> _ASSIGNED TASK_:
Set down the lines below, exactly, starting at the one that contains "Butterfly Clipart Monarch" and stopping at the last line, inclusive. Omit pictures.

> _DATA PROVIDED_:

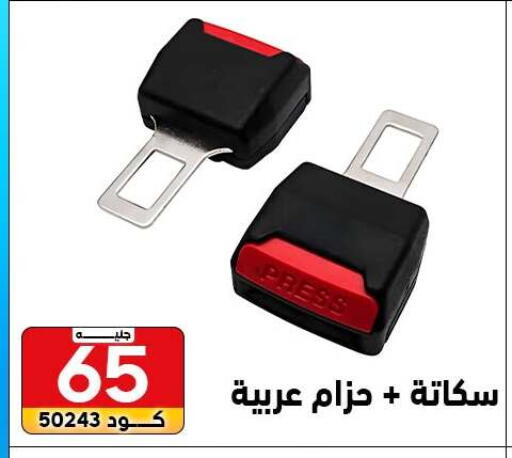 available at Center Elzelzal in Egypt - Cairo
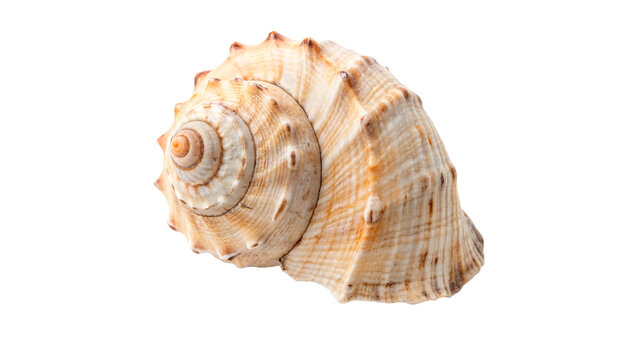 Natural large whelk murex seashell for marine wildlife nature and home interior nautical decoration or art isolated on transparent background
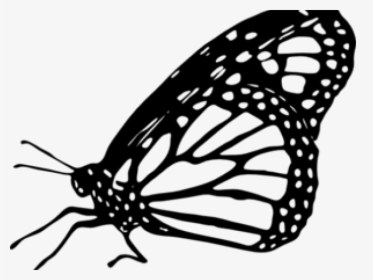 Butterfly Clipart Monarch - Monarch Butterfly Black And White, HD Png Download, Transparent PNG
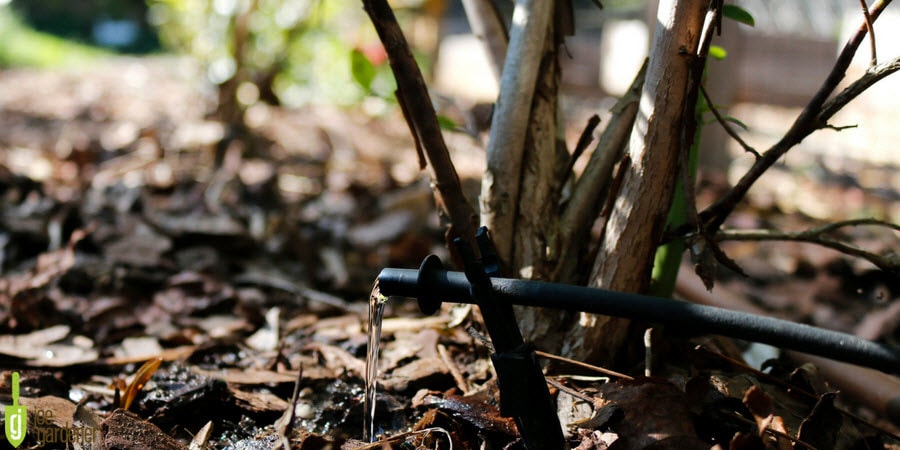 hose streaming water into the woods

> _OUTPUT OF THE TASK_:
 Butterfly Clipart Monarch - Monarch Butterfly Black And White, HD Png Download, Transparent PNG
 hose streaming water into the woods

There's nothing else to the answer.